Most recently, I encountered this diagram in an otherwise sane blog article by the software company iCharts. In the article, ironically titled “How to Avoid Misleading Your Audience,” they recommend the diagram as a useful guide. I responded immediately by warning them against it. Several months ago, I encountered the diagram when a fellow who was writing a book asked for my advice regarding a chapter about data visualization. He was planning to include Abela’s diagram in that chapter. Why? It conveniently fit on a page.

One-page diagrams are a tempting way to teach people new skills, but they often result in confusion. Those of you who are familiar with my work might be thinking, “But Steve, don’t you provide a one-page Graph Selection Matrix as a guide for novices?” I do provide a Graph Selection Matrix, but not as a guide for novices. I provide it as a single-page summary of the information about graph selection that’s covered in my book Show Me the Numbers. It’s only useful if you’ve already learned the concepts that it summarizes by reading the book or taking the corresponding course.

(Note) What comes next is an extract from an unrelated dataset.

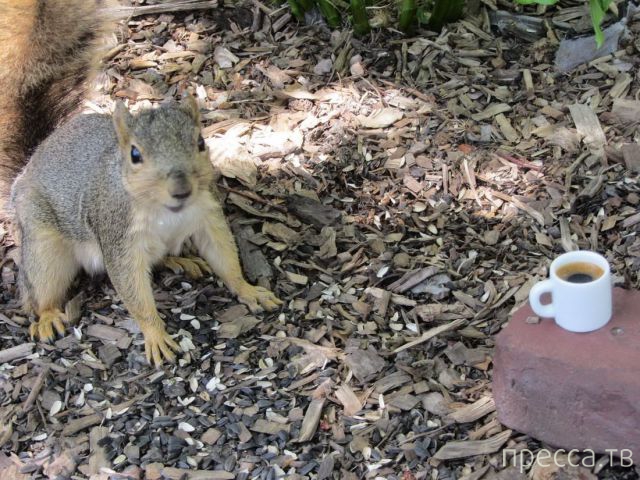 ����� �������� - �������� ��������, ����� 27 (49 ����)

I first learned of Abela’s work several years ago when a large corporation asked me to provide ongoing data visualization training for its employees in conjunction with Abela’s presentation skills courses. Before responding to their request, I purchased and read Abela’s book. I not only found that his understanding of graphs was confused and fundamentally flawed, but also that his presentation principles were at times naïve. I told the company that I could not teach in conjunction with Abela because confusion would result.

Here’s Abela’s chart selection diagram. Take a few minutes to examine it on your own before reading my critique below. Does it make sense? Are its suggestions valid?

Where to begin? Let’s follow the sequence of choices moving outwards from the center: “What would you like to show?” We’re given four choices: 1) Comparison, 2) Distribution, 3) Composition, and 4) Relationship. This suggests that at the highest level we always want to show one of these four things in a graph. I call them “things” because I can’t think of a common term that describes these mismatched concepts. Comparison is an activity that all graphs are designed to support, Distribution is a specific feature of a set of quantitative values, Composition refers to that which something is comprised of, and Relationship is a feature that exists between values in some form or another in all data sets. These concepts don’t go together. Only one of the four—Distribution—clearly describes a specific attribute of data. Distribution refers to manner in which a set of quantitative values belonging to a single variable are distributed from lowest to highest. For example, we might want to show how employees in a company are distributed by age from youngest to oldest. Unless we need to display the distribution of a set of quantitative values (and we understand that this is what Abela means by the term distribution), the diagram leaves us hanging with no clear direction.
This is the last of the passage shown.